En Roma, antes de que emprendiera el viaje hacia Cracovia para participar en la Jornada Mundial de la Juventud (JMJ), el Papa Francisco pasó la mañana del miércoles 27 de julio visitando a un grupo de niños con cáncer de la asociación Peter PanJuntos, rezaron ante la tumba de San Juan Pablo II en la Basílica de San Pedro.

Los niños y adolescentes estuvieron acompañados por el sacerdote polaco P. Jarek Cielecki, quien presidió una Misa y el rezo del rosario.


El Santo Padre compartió un momento de oración con un grupo de niños y adolescentes de esta asociación italiana sin ánimo de lucro, con sede en Roma, que sirve a menores con cáncer y a sus familias.
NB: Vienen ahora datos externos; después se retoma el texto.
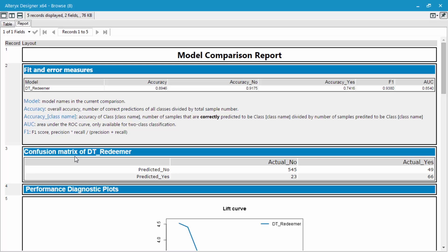Now the question is, which model should we use in production to predict who is actually likely to respond to the marketing campaign?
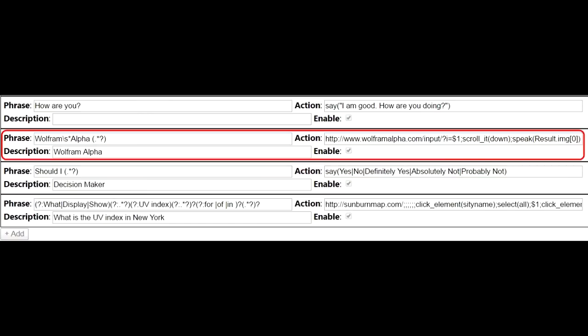For the action field, type: HTTP colon slash slash www.wolframalpha.com slash input slash question mark I equals dollar sign one semicolon. Speak, opening parenthesis, opening parenthesis, Result with a capital R, dot img, bracket, zero, bracket, closing parenthesis. Of course, it's easier to just highlight and copy this text and then paste it into the action field. It should look like this in the Speech Recognition Anywhere Custom Commands.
En una nota, la asociación pidió al Santo Padre "que lleve a la JMJ las oraciones de las familias de los niños y adolescentes que están enfermos, y que se una en oración a los jóvenes de todo el mundo, para que por la intercesión de San Juan Pablo II estos niños vean restaurada su salud”.

Sobre la tumba de San Juan Pablo II el P. Cielecki encendió dos velas especiales: una con la imagen de Jesús misericordioso y otra con la imagen del querido Papa polaco, bendecida en Wadowice, la ciudad natal de Karol Wojtyla.

Los miembros de la asociación rezarán cada día entre el 28 y el 31 de julio para estar “en comunión con el Santo Padre, que estará rezando en Cracovia con los jóvenes de la JMJ”, así como por aquellos que están enfermos y sus familias.